## Task
Without the pictures, write out all the lines below exactly as they appear.

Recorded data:
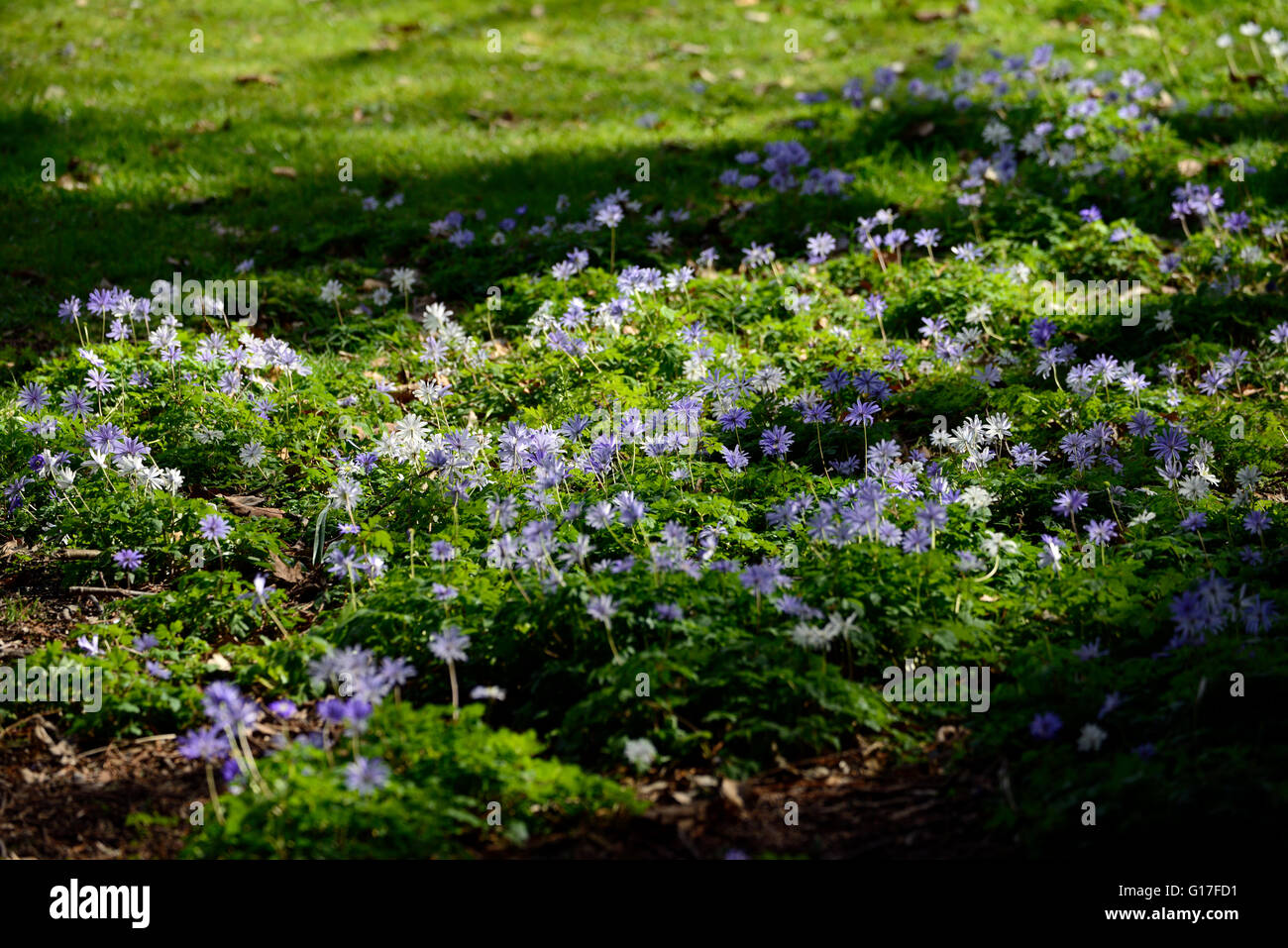 Anemone nemorosa , viola prato tappeto di fiori fiori di primavera fioriscono blossom garden giardinaggio floreale RM Foto Stock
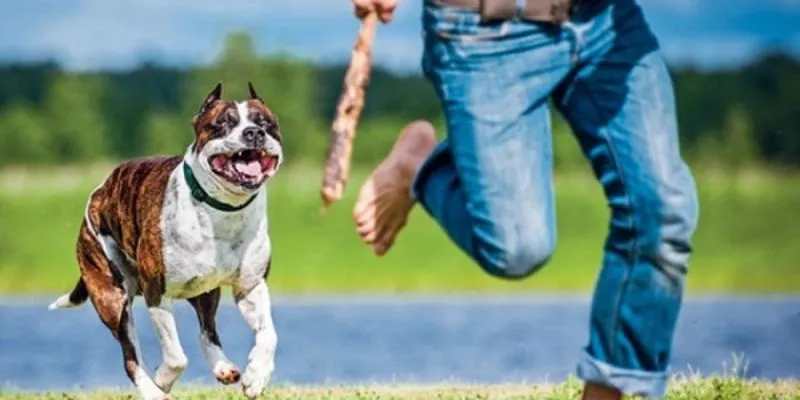 Tìm hiểu những điềm báo khi nằm mơ thấy chó đuổi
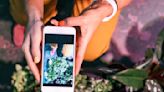 Instagrammable Plants To Give Your Indoor Garden A Glow Up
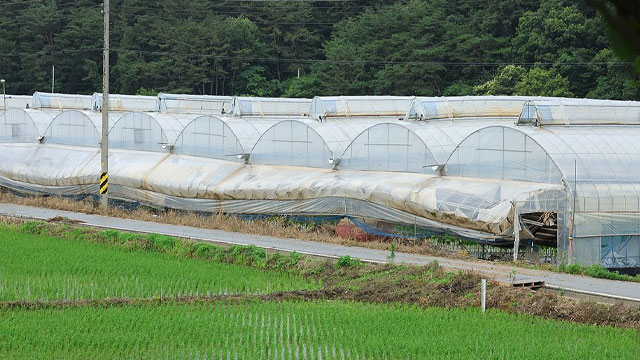어제 전북 남원 174.9mm…곳곳에서 6월 최고 강수량 경신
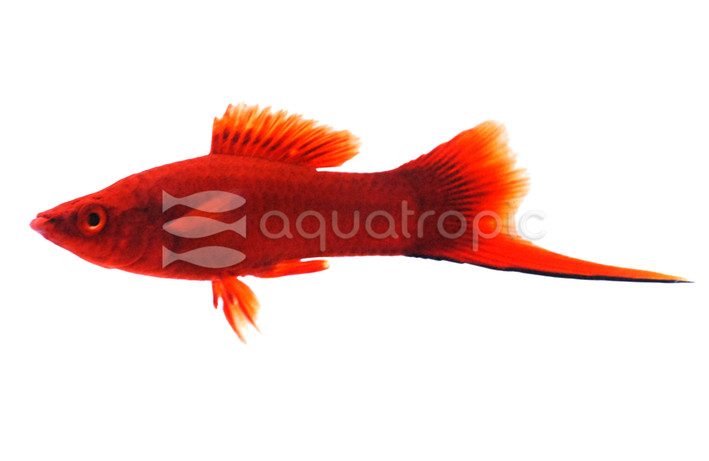 Red Velvet Swordtail :: 69010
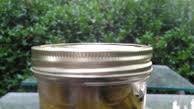 Sweet Dill Pickled Okra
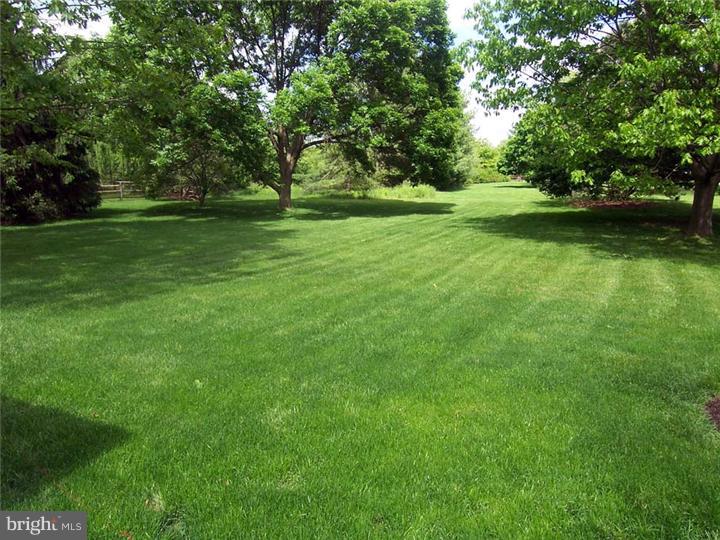 311 Sidley Road Malvern, PA 19355 - Photo 23 of 25 Back Yard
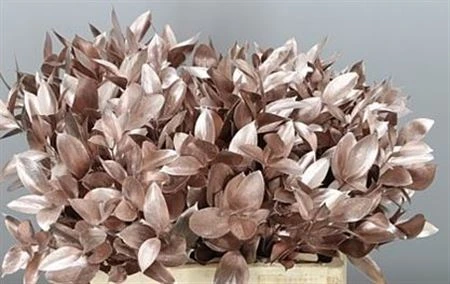 Ruskus farbený Champagne + Glitter 60 cm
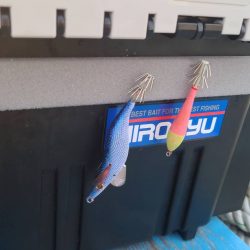 和歌山市江（吉丸渡船）でイカメタル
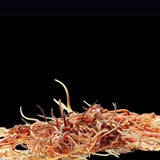 Live Black Worms 40ml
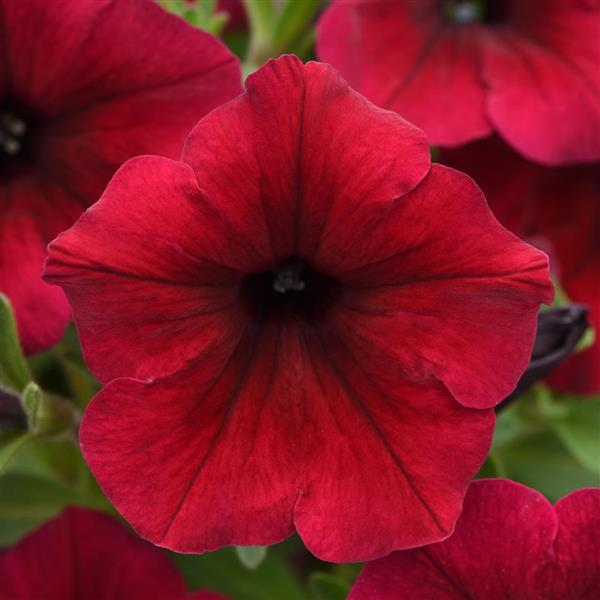 SureShot™ Dark Red Petunia - Bloom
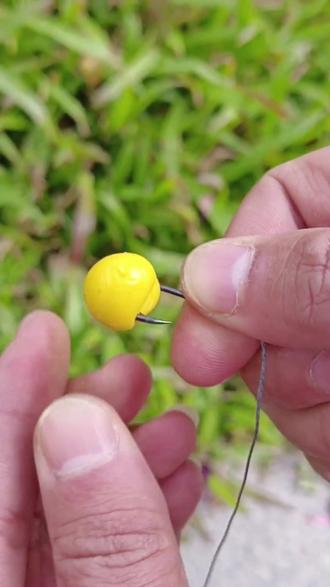 快乐垂钓饵料(快乐垂钓饵料有哪些) 快乐垂钓饵料(快乐垂钓饵料有哪些)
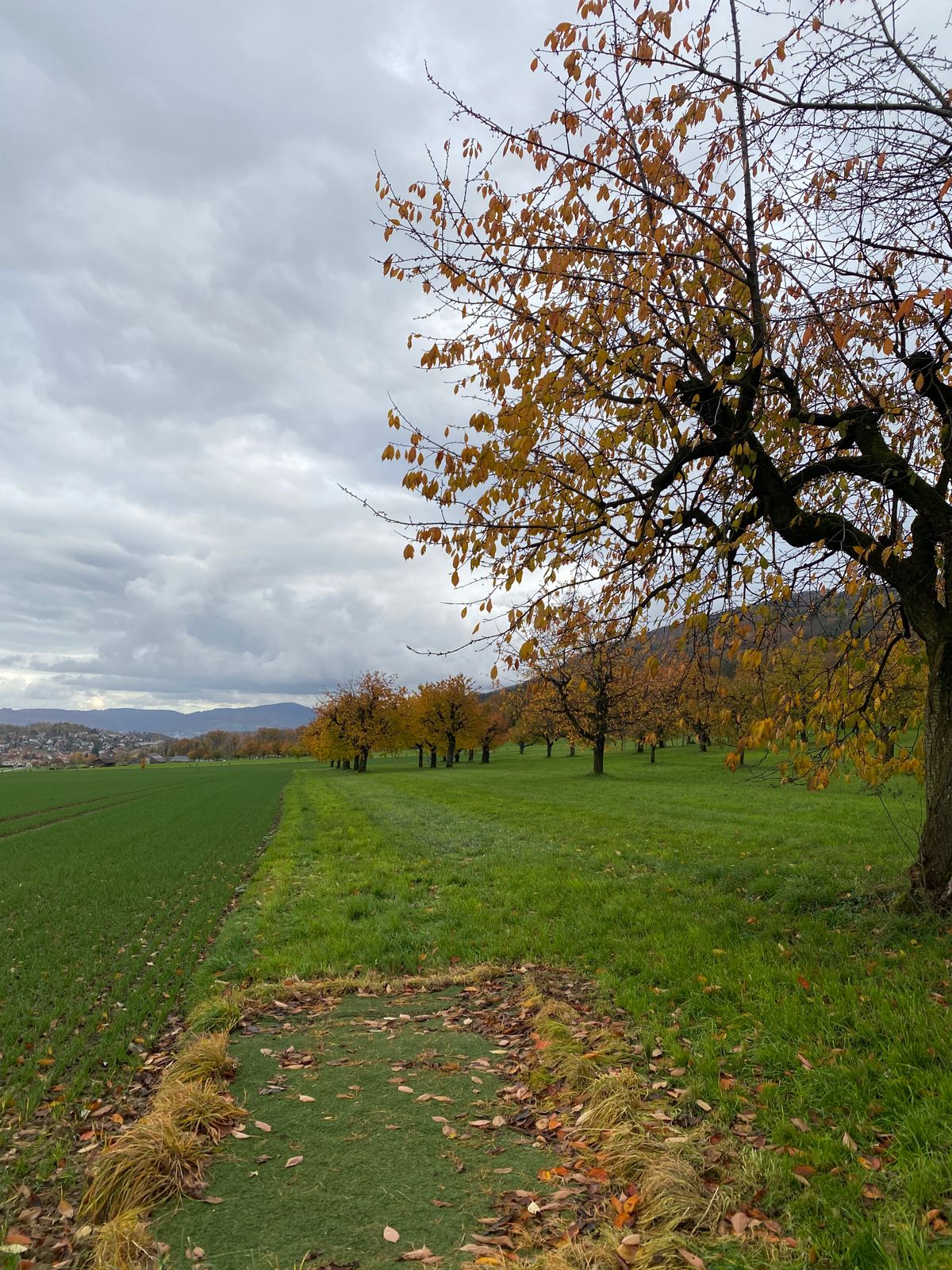 Nr. 15: Field on the left OB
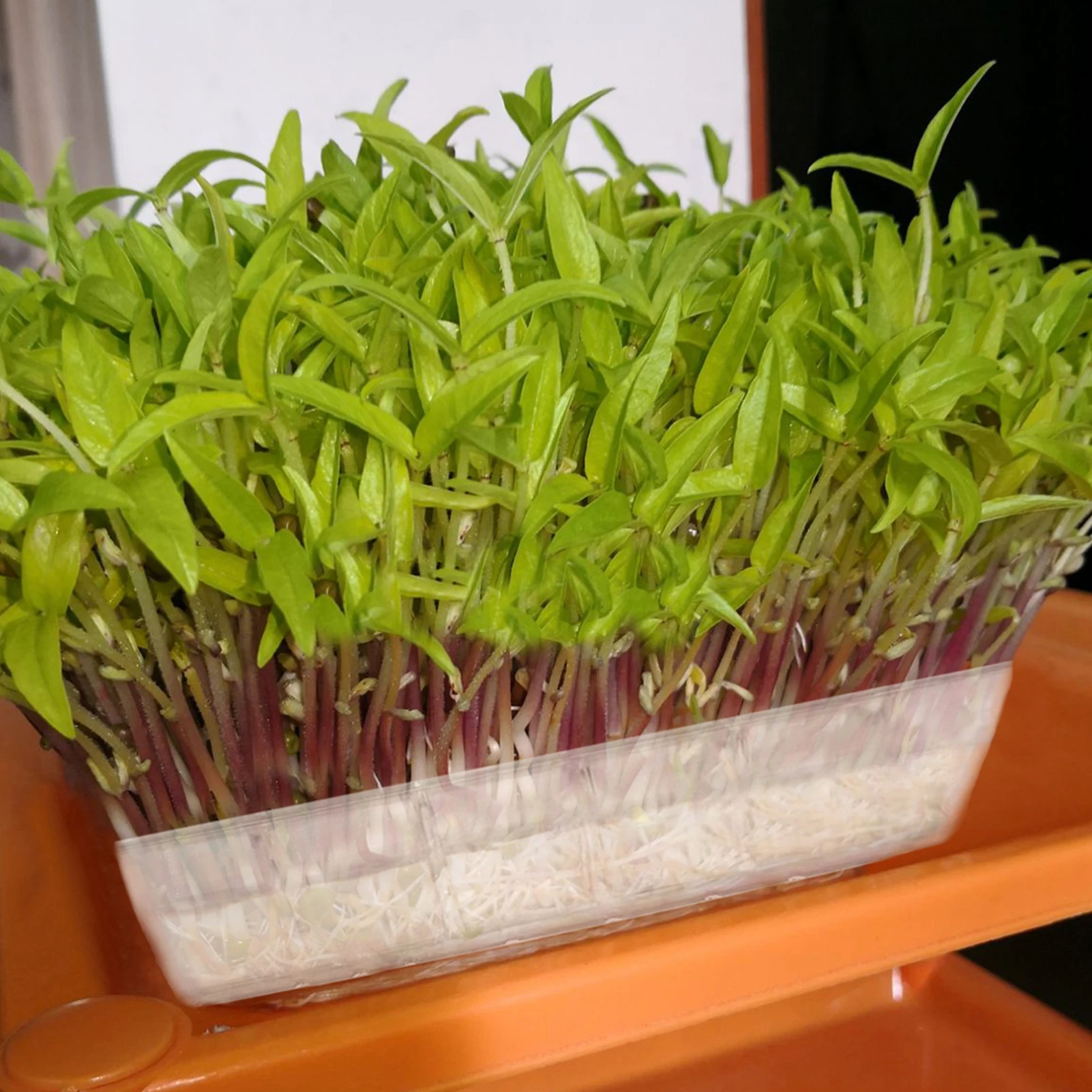 New White Transparent Agricultural Seedling Tray Plant Growing Tray Artificial Plastic Plants Tray for Garden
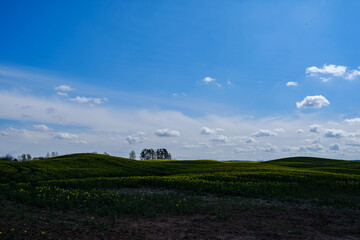 Fototapeta premium country landscape with green meadow and blue sky above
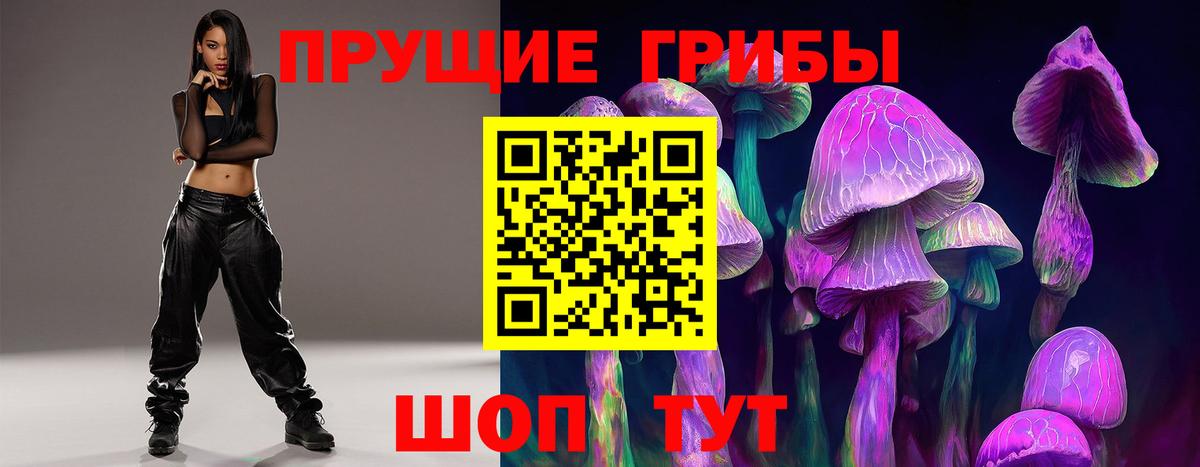 закладка  Вход с VPN  Джанкой  Псилоцибиновые грибы Magic Shrooms 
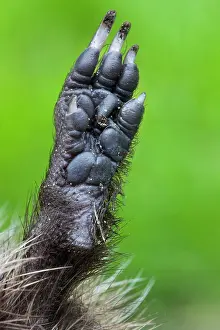 Nails: Hedgehog - leg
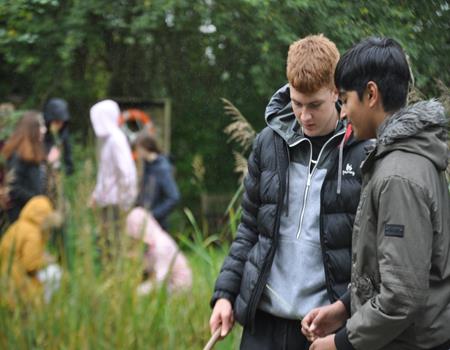 Bishops Wood Field Studies Activity Environment Centre Field Studies Council - Main Image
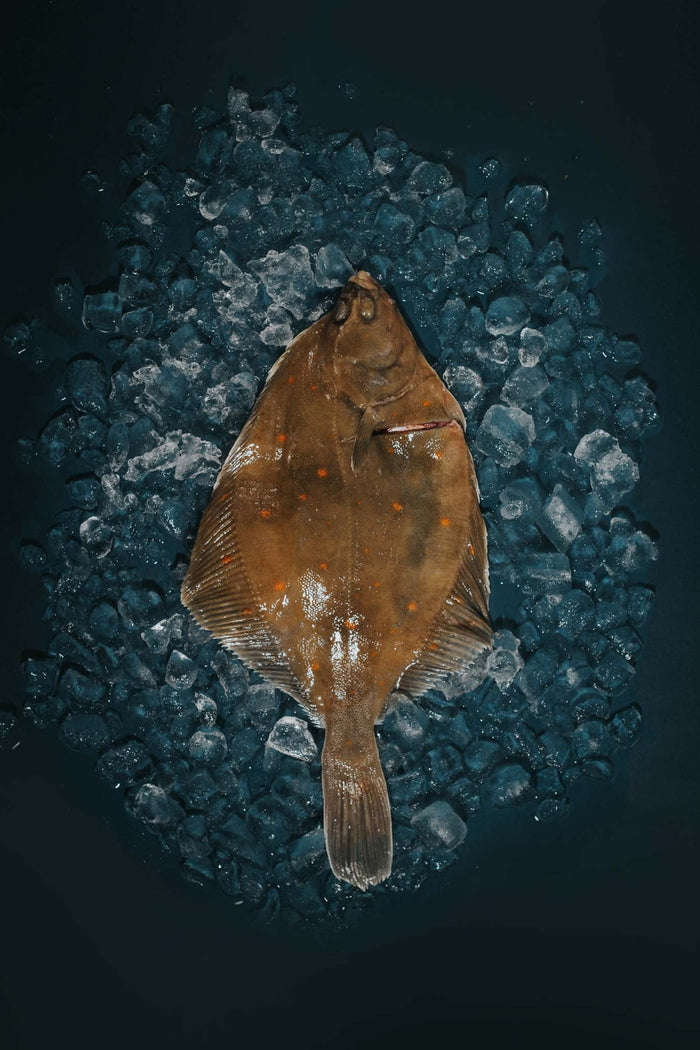 Greendale Plaice Gutted Headed And Trimmed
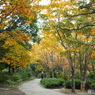 紅葉の日本庭園33
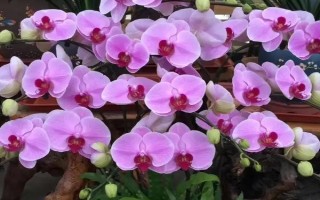 如何让蝴蝶兰憋芽，可以用花梗、断心和切茎憋芽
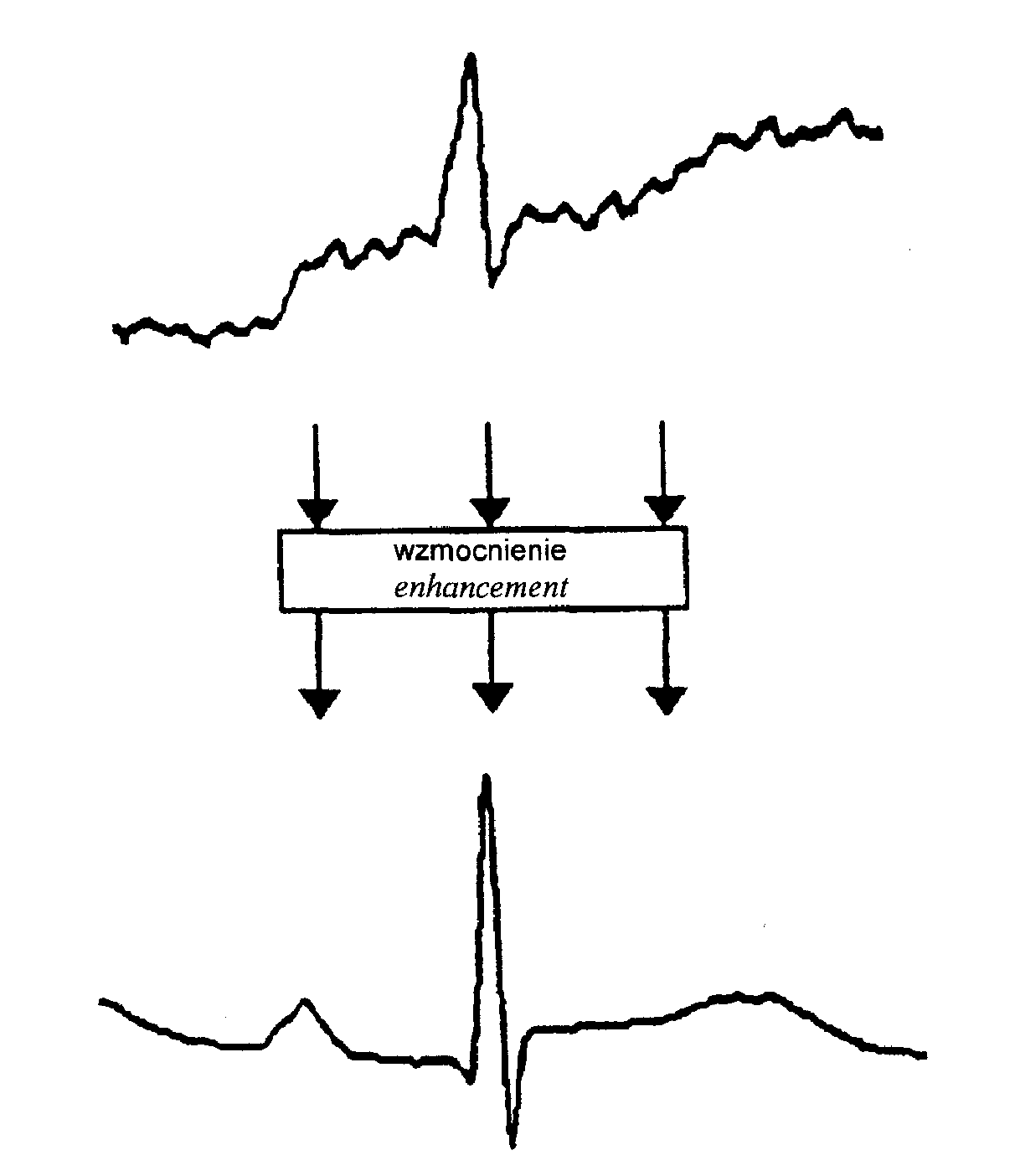 Ryc. 2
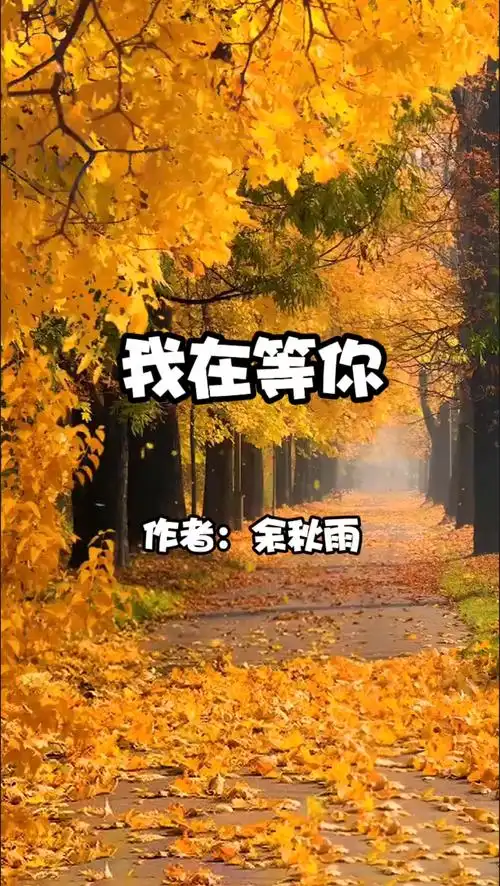 精美现代诗《我在等你》,作者:余秋雨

## Task output
 Anemone nemorosa , viola prato tappeto di fiori fiori di primavera fioriscono blossom garden giardinaggio floreale RM Foto Stock
 Tìm hiểu những điềm báo khi nằm mơ thấy chó đuổi
 Instagrammable Plants To Give Your Indoor Garden A Glow Up
어제 전북 남원 174.9mm…곳곳에서 6월 최고 강수량 경신
 Red Velvet Swordtail :: 69010
 Sweet Dill Pickled Okra
 311 Sidley Road Malvern, PA 19355 - Photo 23 of 25 Back Yard
 Ruskus farbený Champagne + Glitter 60 cm
 和歌山市江（吉丸渡船）でイカメタル
 Live Black Worms 40ml
 SureShot™ Dark Red Petunia - Bloom
 快乐垂钓饵料(快乐垂钓饵料有哪些) 快乐垂钓饵料(快乐垂钓饵料有哪些)
 Nr. 15: Field on the left OB
 New White Transparent Agricultural Seedling Tray Plant Growing Tray Artificial Plastic Plants Tray for Garden
 Fototapeta premium country landscape with green meadow and blue sky above
 закладка  Вход с VPN  Джанкой  Псилоцибиновые грибы Magic Shrooms 
 Nails: Hedgehog - leg
 Bishops Wood Field Studies Activity Environment Centre Field Studies Council - Main Image
 Greendale Plaice Gutted Headed And Trimmed
 紅葉の日本庭園33
 如何让蝴蝶兰憋芽，可以用花梗、断心和切茎憋芽
 Ryc. 2
 精美现代诗《我在等你》,作者:余秋雨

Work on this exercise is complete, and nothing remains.